Under a new Defense Advanced Research Projects Agency (DARPA) initiative, the Laboratory is teaming with academic institutions and industry to develop powerful new capabilities for multi-gigabit per second, secure, free-space communication links and aberration-free three-dimensional imaging and targeting at ranges larger than 1000 km.

Phase I of the four-year "Coherent Communications, Imaging and Targeting" (CCIT) program brings together researchers from the Lab, academic institutions including Stanford University, UC Berkeley, Boston University and the Georgia Institute of Technology, micro-electro-mechanical-systems (MEMS)/photonics companies including Boston MicroMachines, Lucent, Maxios and MicroAssembly Technologies, and U.S. aerospace companies. The aerospace companies, which include Ball Aerospace, Boeing, Harris, HRL Laboratories, Lockheed Martin, Northrop Grumman, Raytheon, TRW and the Aerospace Corp., will be potential users.

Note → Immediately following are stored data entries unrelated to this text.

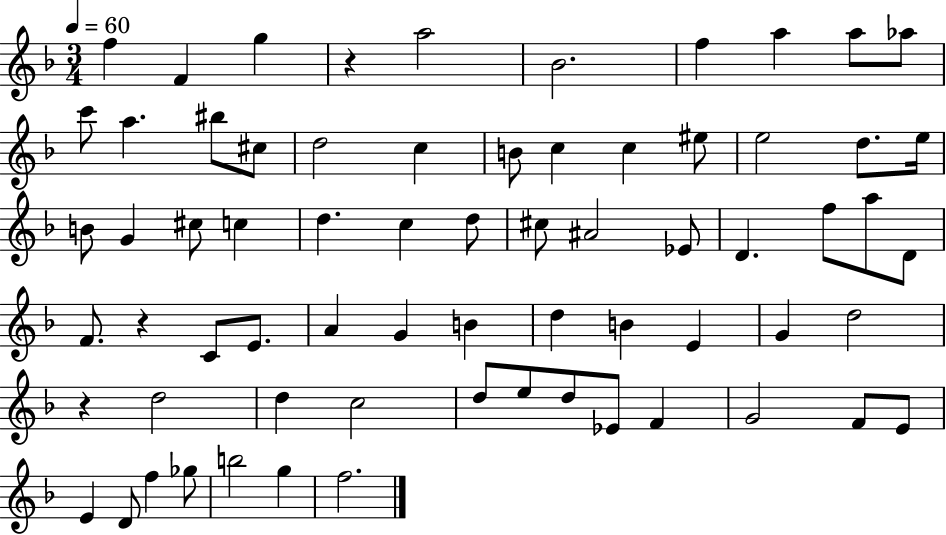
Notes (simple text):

F5/q F4/q G5/q R/q A5/h Bb4/h. F5/q A5/q A5/e Ab5/e C6/e A5/q. BIS5/e C#5/e D5/h C5/q B4/e C5/q C5/q EIS5/e E5/h D5/e. E5/s B4/e G4/q C#5/e C5/q D5/q. C5/q D5/e C#5/e A#4/h Eb4/e D4/q. F5/e A5/e D4/e F4/e. R/q C4/e E4/e. A4/q G4/q B4/q D5/q B4/q E4/q G4/q D5/h R/q D5/h D5/q C5/h D5/e E5/e D5/e Eb4/e F4/q G4/h F4/e E4/e E4/q D4/e F5/q Gb5/e B5/h G5/q F5/h.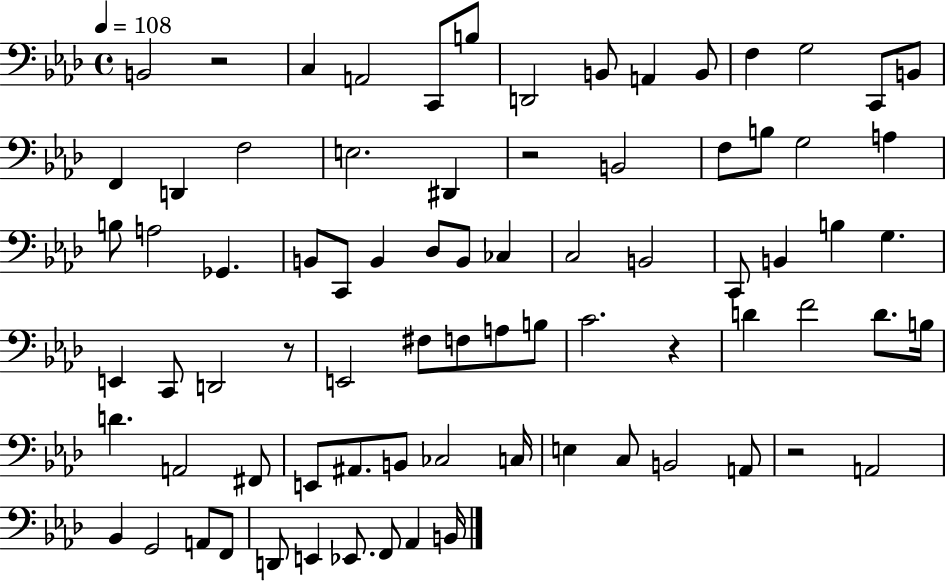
B2/h R/h C3/q A2/h C2/e B3/e D2/h B2/e A2/q B2/e F3/q G3/h C2/e B2/e F2/q D2/q F3/h E3/h. D#2/q R/h B2/h F3/e B3/e G3/h A3/q B3/e A3/h Gb2/q. B2/e C2/e B2/q Db3/e B2/e CES3/q C3/h B2/h C2/e B2/q B3/q G3/q. E2/q C2/e D2/h R/e E2/h F#3/e F3/e A3/e B3/e C4/h. R/q D4/q F4/h D4/e. B3/s D4/q. A2/h F#2/e E2/e A#2/e. B2/e CES3/h C3/s E3/q C3/e B2/h A2/e R/h A2/h Bb2/q G2/h A2/e F2/e D2/e E2/q Eb2/e. F2/e Ab2/q B2/s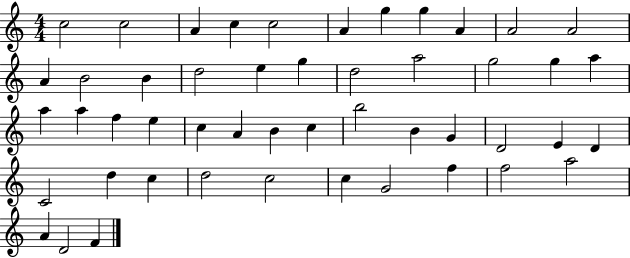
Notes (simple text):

C5/h C5/h A4/q C5/q C5/h A4/q G5/q G5/q A4/q A4/h A4/h A4/q B4/h B4/q D5/h E5/q G5/q D5/h A5/h G5/h G5/q A5/q A5/q A5/q F5/q E5/q C5/q A4/q B4/q C5/q B5/h B4/q G4/q D4/h E4/q D4/q C4/h D5/q C5/q D5/h C5/h C5/q G4/h F5/q F5/h A5/h A4/q D4/h F4/q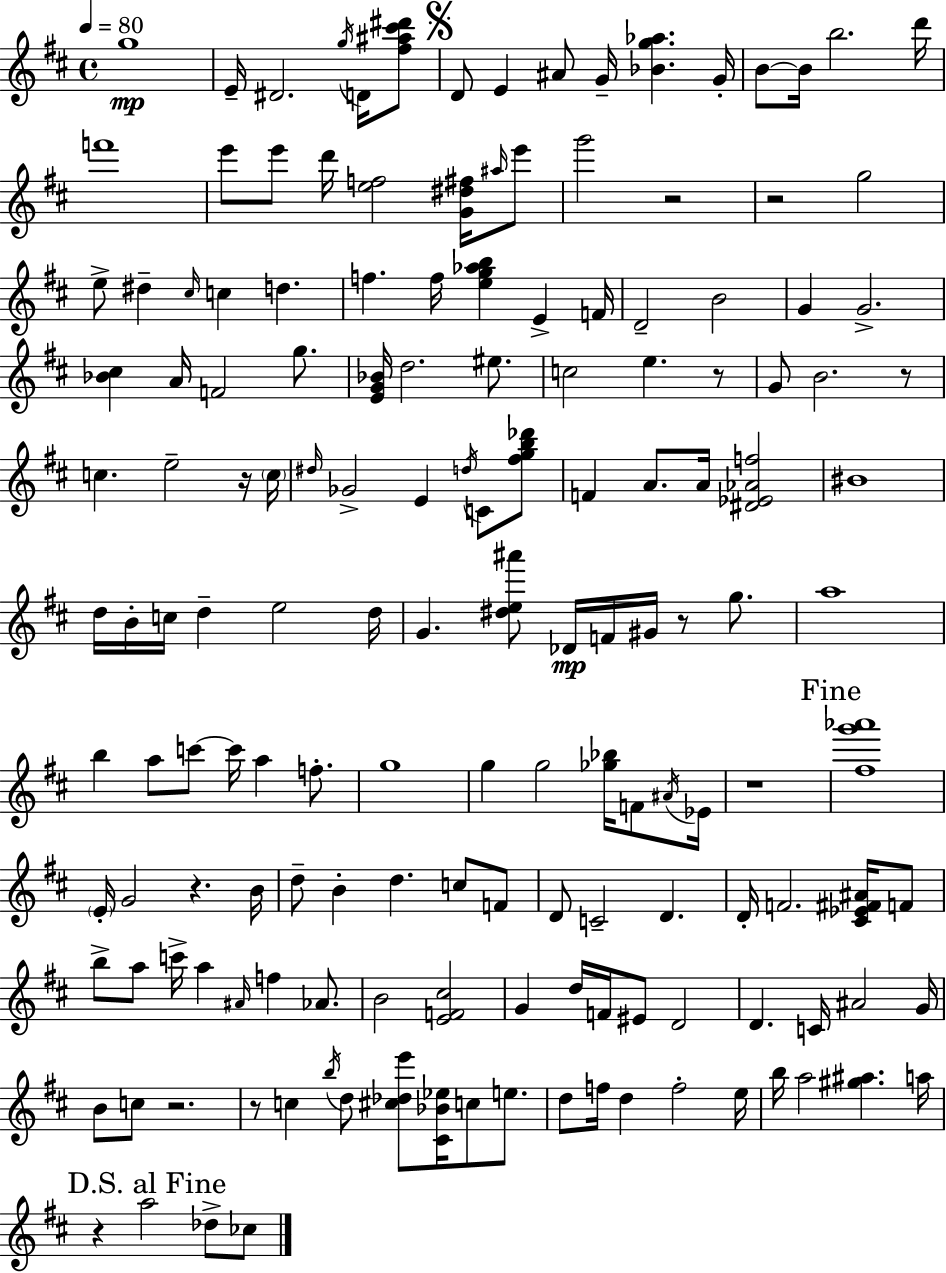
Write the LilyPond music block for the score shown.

{
  \clef treble
  \time 4/4
  \defaultTimeSignature
  \key d \major
  \tempo 4 = 80
  \repeat volta 2 { g''1\mp | e'16-- dis'2. \acciaccatura { g''16 } d'16 <fis'' ais'' cis''' dis'''>8 | \mark \markup { \musicglyph "scripts.segno" } d'8 e'4 ais'8 g'16-- <bes' g'' aes''>4. | g'16-. b'8~~ b'16 b''2. | \break d'''16 f'''1 | e'''8 e'''8 d'''16 <e'' f''>2 <g' dis'' fis''>16 \grace { ais''16 } | e'''8 g'''2 r2 | r2 g''2 | \break e''8-> dis''4-- \grace { cis''16 } c''4 d''4. | f''4. f''16 <e'' g'' aes'' b''>4 e'4-> | f'16 d'2-- b'2 | g'4 g'2.-> | \break <bes' cis''>4 a'16 f'2 | g''8. <e' g' bes'>16 d''2. | eis''8. c''2 e''4. | r8 g'8 b'2. | \break r8 c''4. e''2-- | r16 \parenthesize c''16 \grace { dis''16 } ges'2-> e'4 | \acciaccatura { d''16 } c'8 <fis'' g'' b'' des'''>8 f'4 a'8. a'16 <dis' ees' aes' f''>2 | bis'1 | \break d''16 b'16-. c''16 d''4-- e''2 | d''16 g'4. <dis'' e'' ais'''>8 des'16\mp f'16 gis'16 | r8 g''8. a''1 | b''4 a''8 c'''8~~ c'''16 a''4 | \break f''8.-. g''1 | g''4 g''2 | <ges'' bes''>16 f'8 \acciaccatura { ais'16 } ees'16 r1 | \mark "Fine" <fis'' g''' aes'''>1 | \break \parenthesize e'16-. g'2 r4. | b'16 d''8-- b'4-. d''4. | c''8 f'8 d'8 c'2-- | d'4. d'16-. f'2. | \break <cis' ees' fis' ais'>16 f'8 b''8-> a''8 c'''16-> a''4 \grace { ais'16 } | f''4 aes'8. b'2 <e' f' cis''>2 | g'4 d''16 f'16 eis'8 d'2 | d'4. c'16 ais'2 | \break g'16 b'8 c''8 r2. | r8 c''4 \acciaccatura { b''16 } d''8 | <cis'' des'' e'''>8 <cis' bes' ees''>16 c''8 e''8. d''8 f''16 d''4 f''2-. | e''16 b''16 a''2 | \break <gis'' ais''>4. a''16 \mark "D.S. al Fine" r4 a''2 | des''8-> ces''8 } \bar "|."
}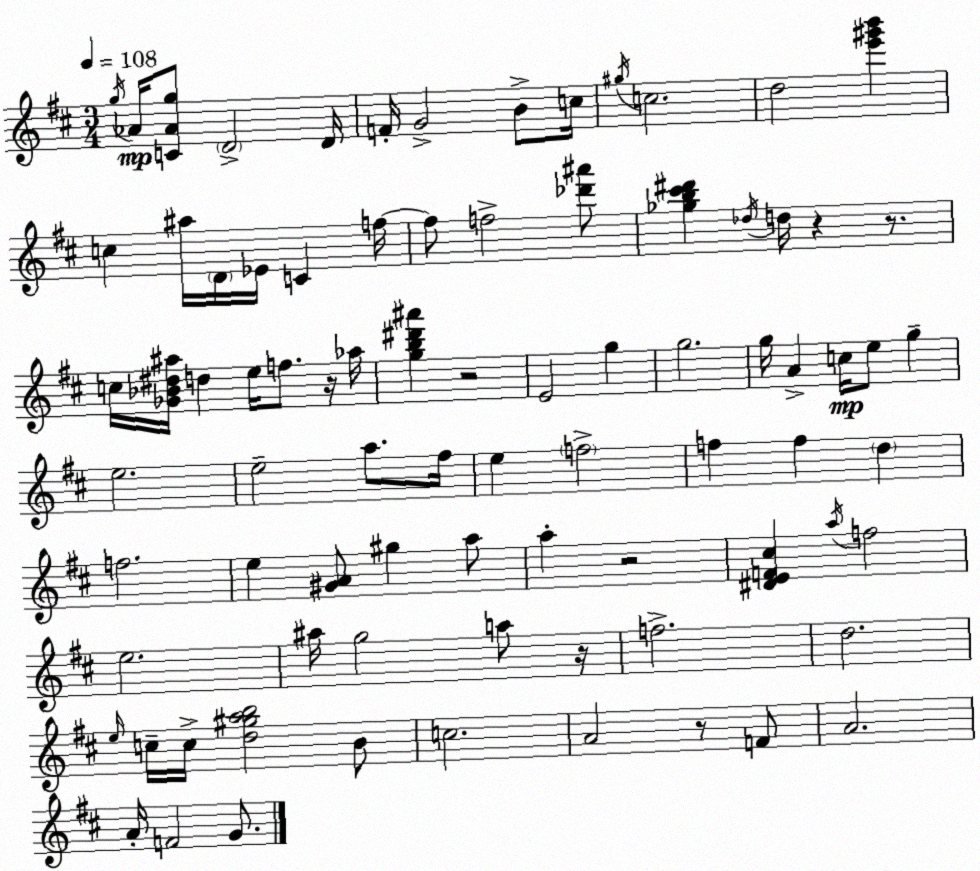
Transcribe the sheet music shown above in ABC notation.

X:1
T:Untitled
M:3/4
L:1/4
K:D
g/4 _A/4 [C_Ag]/2 D2 D/4 F/4 G2 B/2 c/4 ^g/4 c2 d2 [e'^g'b'] c ^a/4 D/4 _E/4 C f/4 f/2 f2 [_d'^a']/2 [_gb^c'^d'] _d/4 d/4 z z/2 c/4 [_G_B^d^a]/4 d e/4 f/2 z/4 _a/4 [gb^d'^a'] z2 E2 g g2 g/4 A c/4 e/2 g e2 e2 a/2 ^f/4 e f2 f f d f2 e [^GA]/2 ^g a/2 a z2 [^DEF^c] a/4 f2 e2 ^a/4 g2 a/2 z/4 f2 d2 e/4 c/4 c/4 [d^gab]2 B/2 c2 A2 z/2 F/2 A2 A/4 F2 G/2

HRL and TRW are also contributing to Phase I hardware development and modeling.

According to DARPA, innovative concepts and integration of MEMS spatial light modulators, which provide a quantum leap in wavefront control, along with photonics and high-speed electronics will provide affordable and high values systems for use well into the 21st century.
LLNL is the lead organization for Phase I of the two-phase project and is responsible for modeling, MEMS development coordination, the integration of MEMS, photonics and high-speed electronics into a CCIT prototype system, and concept demonstrations. Phase I will receive $9.5 million over two years from DARPA. Phase II will be awarded on a competitive basis and be led by industry.

"The CCIT program has the potential to be a major development in secure, free-space communications for a range of military applications, as well as to have a significant impact in the commercial arena," said Eddy Stappaerts, the CCIT program manager at the Lab.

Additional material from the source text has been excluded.